Personal information
- Full name: Robert David Nelson
- Born: 2 July 1970 (age 56) Chiswick, London, England
- Batting: Left-handed
- Bowling: Right-hand off break

Domestic team information
- 2000 & 2002: Middlesex Cricket Board

Career statistics
| Competition | LA |
| Matches | 3 |
| Runs scored | 7 |
| Batting average | 7.00 |
| 100s/50s | –/– |
| Top score | 15* |
| Balls bowled | 138 |
| Wickets | – |
| Bowling average | – |
| 5 wickets in innings | – |
| 10 wickets in match | – |
| Best bowling | – |
| Catches/stumpings | –/– |
- Source: Cricinfo, 19 November 2010

= Robert Nelson (cricketer, born 1970) =

English cricketer

Robert David Nelson (born 2 July 1970) is an English cricketer. Nelson is a left-handed batsman who bowls right-arm off break. He was born in Chiswick, London and later educated at Harrow School.

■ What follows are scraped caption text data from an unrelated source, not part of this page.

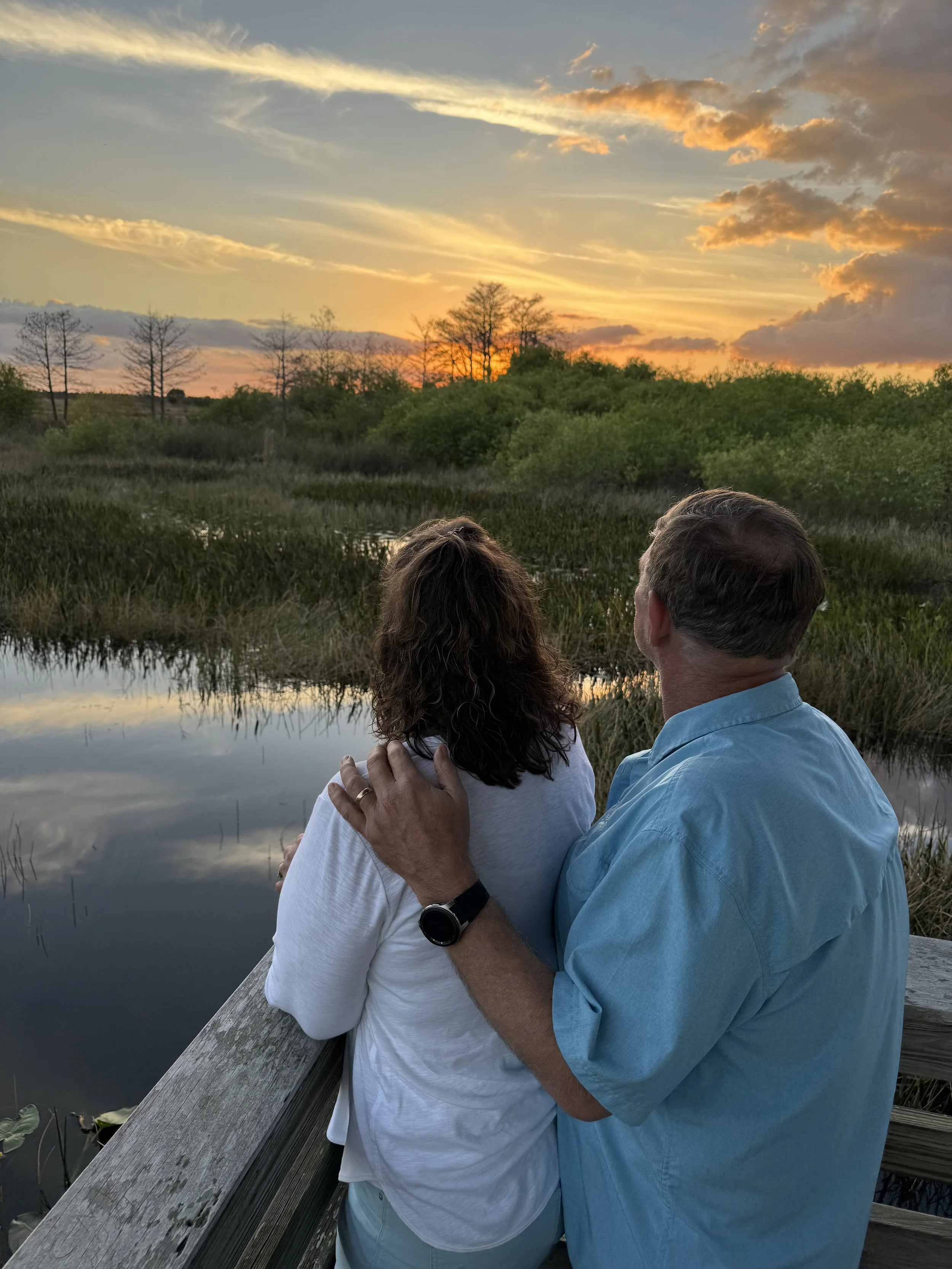 A couple looking at a sunset over a bog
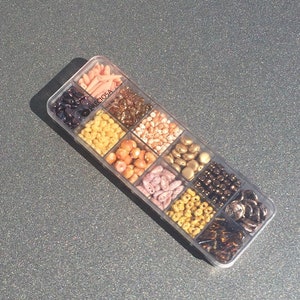 Puede incluir: Una caja de almacenamiento de plástico transparente llena de cuentas de varios colores. Las cuentas son de diferentes formas y tamaños. La caja está etiquetada "PRECiosa" con el texto "The Original Czech Beads".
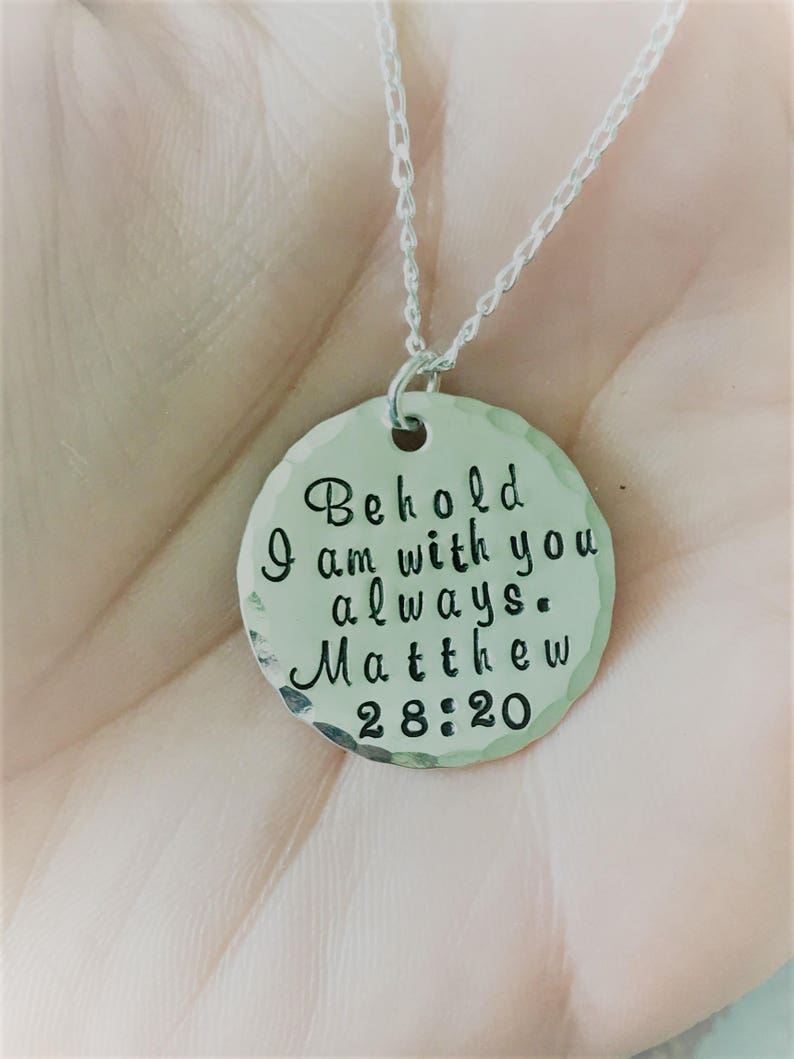 May include: Silver necklace with a round pendant that says "Behold I am with you always. Matthew 28:20".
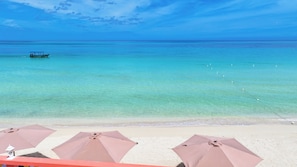 Ein Strand mit klarem türkisblauem Wasser, ein Boot in der Ferne und Sonnenschirme im Sand.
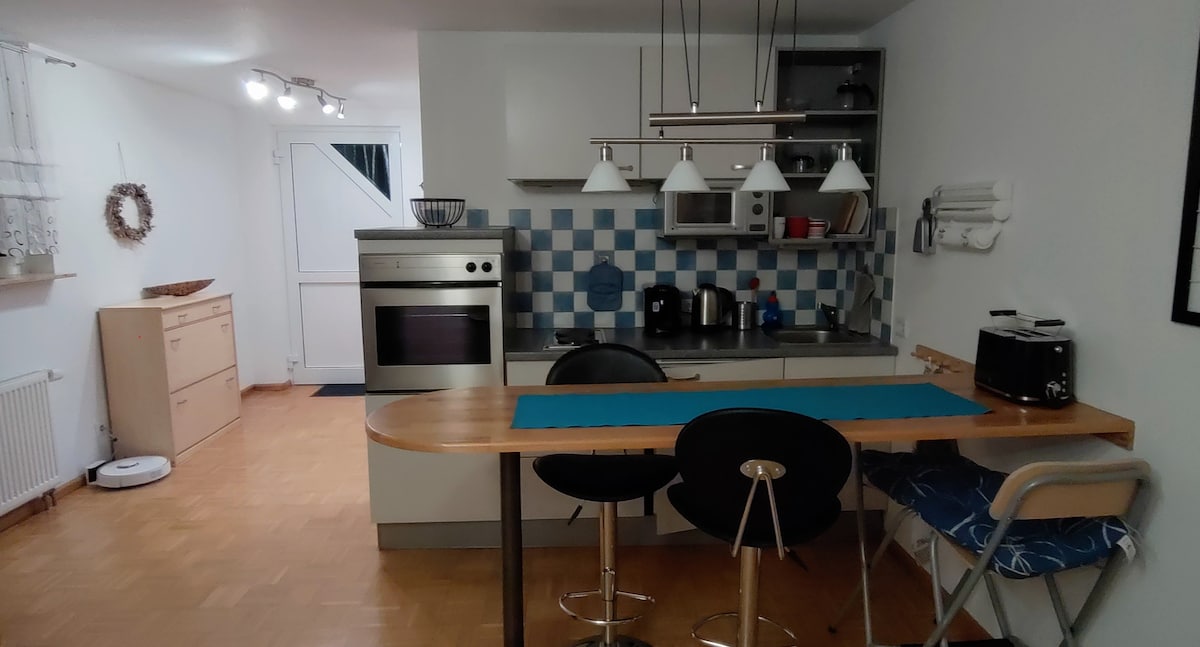 A modern kitchen area features a sleek countertop with bar seating. Appliances include an oven and a stove. Decorative blue tiles create a subtle pattern on the wall. Ample natural light is provided by a nearby window, illuminating the space.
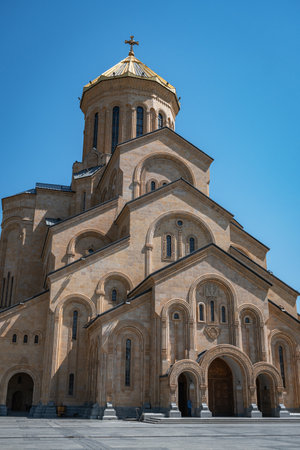 A bell tower building with arches and a cross in the garden of the Holy Trinity Cathedral with a...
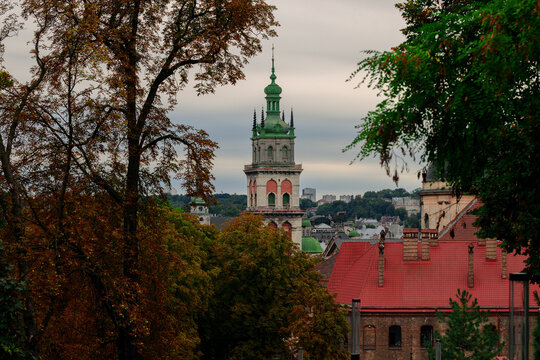 moody cloudy weather in dark European city with shadow from the trees and tower town hall building historical city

Nelson represented the Middlesex Cricket Board in 3 List A matches. These came against Wiltshire and Sussex in the 2000 NatWest Trophy and the Derbyshire Cricket Board in the 1st round of the 2003 Cheltenham & Gloucester Trophy which was held in 2002. In his 3 career List A match he scored 7 runs at a batting average of 7.00, with a high score of 5*. With the ball he bowled 23 wicket-less overs.

He currently plays club cricket Brondesbury Cricket Club in the Middlesex County Cricket League where he has played since he was an u9 colt and is the leading wicket taker in the 1st XI league with 425 wickets.

He was captain of the club in their successful double winning side in 1999 winning the Middlesex Premiership League and Evening Standard cup (at the Oval). In the following year Brondesbury retained their Premier League title under his captaincy.

In 2020 Nelson made his debut for the Middlesex County Over-50s and was then selected for the England Over-50s team making his ODI debut vs Wales on 23 August 2020 taking 2–13.

in 2023 Nelson was part of the England Over50s squad that lifted the World Cup in South Africa. England beat South Africa in the final by 65 runs.